> [How to complete this task] Exactly as it appears, restate the whole listing.

> [Collected data]
════════════════════

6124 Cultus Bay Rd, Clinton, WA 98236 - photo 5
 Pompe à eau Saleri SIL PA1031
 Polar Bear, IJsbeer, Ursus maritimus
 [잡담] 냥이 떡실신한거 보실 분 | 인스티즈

════════════════════

> [Task solution]
6124 Cultus Bay Rd, Clinton, WA 98236 - photo 5
 Pompe à eau Saleri SIL PA1031
 Polar Bear, IJsbeer, Ursus maritimus
 [잡담] 냥이 떡실신한거 보실 분 | 인스티즈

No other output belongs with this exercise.